The CLK-GTR with the silhouette of the production Mercedes-Benz CLK (C 208) was created in an extremely short space of time: AMG was tasked with building the vehicle on 5 December 1996, the first test of the V12 engine on the test bench already took place on 21 December. Two days after that, AMG commissioned the monocoque made of a laminate of carbon fibre and Kevlar. The first vehicle was completed on 26 March 1997 with the first test drives on the Spanish Circuito del Jarama racetrack near Madrid conducted by Bernd Schneider, the later world champion, taking place two days later.
In addition to Schneider (1995 DTM champion), the drivers for the 1997 season also included Klaus Ludwig (1992 and 1994 DTM champion). The two extremely successful touring car experts duelled for the championship. On 11 May 1997, Schneider and Alexander Wurz finished in second place at the British Empire Trophy on the Silverstone Circuit (Great Britain).
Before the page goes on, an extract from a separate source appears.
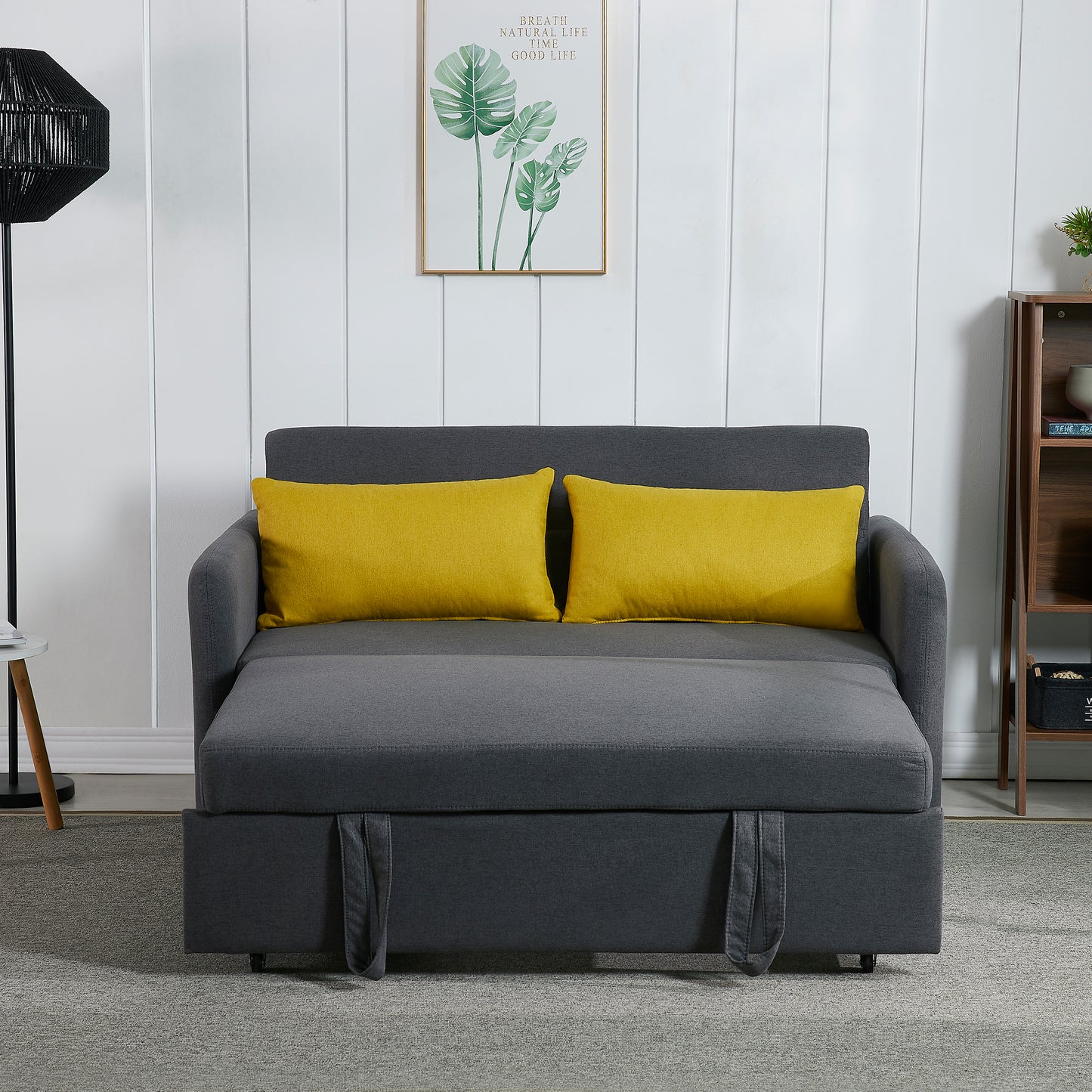 Sofa Bed Grey Fabric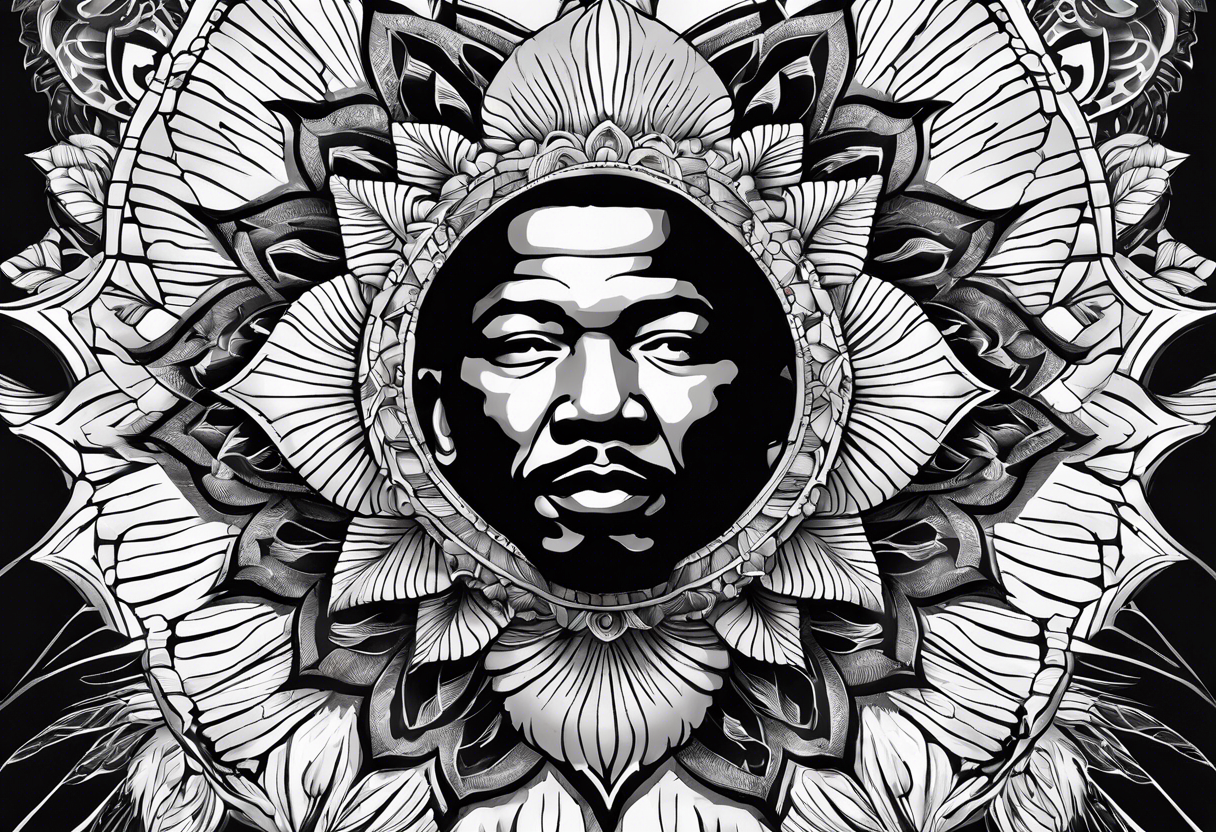 Mandela natulis shell tattoo idea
On 29 June, Schneider and Ludwig won the 4-hour Nürburgring race ahead of their team mates Alessandro Nannini and Marcel Tiemann.
Schneider now had the championship firmly in his sights: He finished second in Spa-Francorchamps in Belgium (20 July 1997, with Wurz) and won in Spielberg in Austria (3 August 1997, with Ludwig and Bernd Mayländer ahead of a second CLK-GTR driven by Nannini and Tiemann), in Suzuka in Japan (24 August 1997, with Nannini and Tiemann ahead of Ludwig and Mayländer), in the 4-hour race at Donington, Great Britain (14 September 1997 with Wurz, ahead of Nannini and Tiemann), and finally the two US races in Sebring (19 October 1997, with Ludwig) and Laguna Seca (26 October 1997, with Ludwig). It was the second championship for Bernd Schneider with Mercedes-Benz. Four more titles in the DTM were to follow – in the years 2000, 2001, 2003 and 2006.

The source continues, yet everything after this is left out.